Как я уже говорил, события двух последующих лет почти не отложились у меня в памяти. Были назначены дополнительные выборы, на которых победу при подавляющем большинстве голосов одержал мистер Уилбрэм. Даже не помню, кто был кандидатом от Консервативной партии, – какой-то сельский джентльмен с безупречной репутацией и, видимо, лишенный качеств, привлекающих массы. Без Джона Габриэля политика перестала быть для меня интересной.

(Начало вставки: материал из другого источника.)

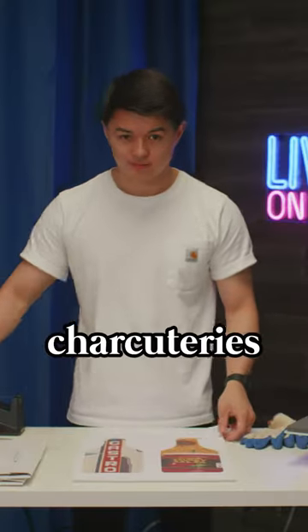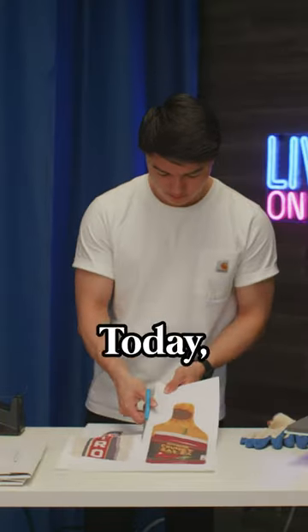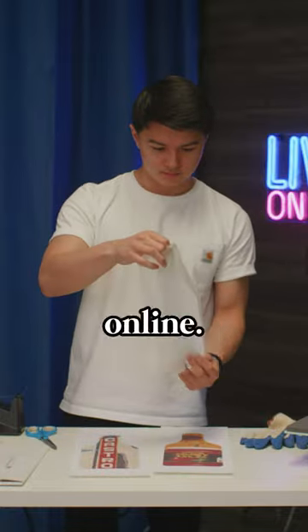This wine bottle cutting board is perfect for charcuteries during the spring season. Today, we're supplementing this Trader Joe's inspired mural that I found online.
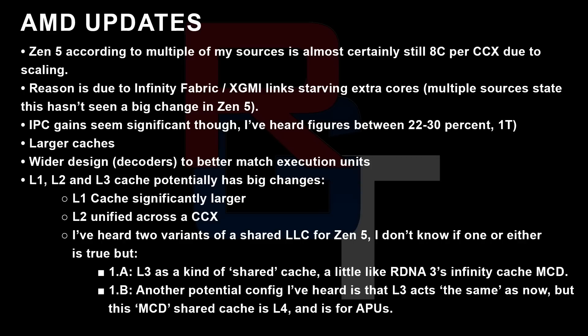IPC gains — I've heard multiple figures, and I think these are single-threaded. I've heard 22 to 30%, which is quite a wide gap; I'm assuming these are targets rather than something being achieved internally right now. I'm also told there are larger caches, a wider design — particularly decoders to better match the execution units. L1, L2, and L3 seem to have had big changes. L1 cache seems to be significantly larger, and I'm told by one or two sources that the L2 cache is unified across the CCX.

Мои мысли тогда все больше были заняты собственным здоровьем. Я лег в больницу, мне сделали несколько операций, в результате которых мне не стало хуже – даже чуточку лучше. Тереза и Роберт остались жить в «Полнорт-Хаус». Три старые леди переехали из замка Сент-Лу в маленький домик в викторианском стиле с премиленьким садиком. Замок на год сняли какие-то люди с севера Англии. Спустя полтора года в Англию вернулся Руперт Сент-Лу. Он женился на американке. Тереза написала мне: как только молодожены получат разрешение, они собираются полностью реставрировать замок. Странно, но эта идея была мне ненавистна.
Куда делись Габриэль и Изабелла и чем занимался Габриэль, никто не знал.
В 1947 году Роберт с успехом провел в Лондоне выставку своих корнуоллских работ.
К тому времени хирургия сделала большой скачок вперед. Европейские хирурги делали буквально чудеса в случаях, похожих на мой. Одно из преимуществ войны состоит в том, что медицина значительно преуспевает в деле облегчения человеческих страданий. Мой лечащий врач в Лондоне оживленно рассказывал о работе, проделанной одним евреем-врачом из Словакии. Во время войны он смело экспериментировал и добился потрясающих результатов. Мой хирург посоветовал мне обратиться к этому врачу, ибо он может сделать то, что не под силу английским хирургам.